-------- Exercise material --------
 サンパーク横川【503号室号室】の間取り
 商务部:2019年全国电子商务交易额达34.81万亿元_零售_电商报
--------
-------- Exercise material --------
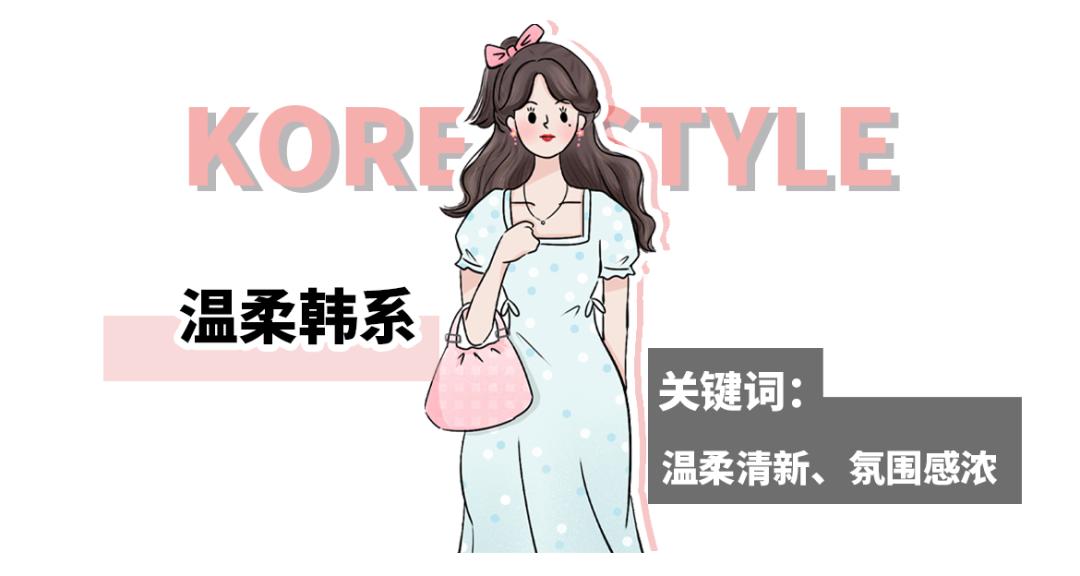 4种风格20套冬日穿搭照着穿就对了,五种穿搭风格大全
--------
### About this task
Quote the data above from the line containing "サンパーク横川【503号室号室】の間取り" to the line containing "商务部:2019年全国电子商务交易额达34.81万亿元_零售_电商报", inclusive, and stop.

### Your response
 サンパーク横川【503号室号室】の間取り
 商务部:2019年全国电子商务交易额达34.81万亿元_零售_电商报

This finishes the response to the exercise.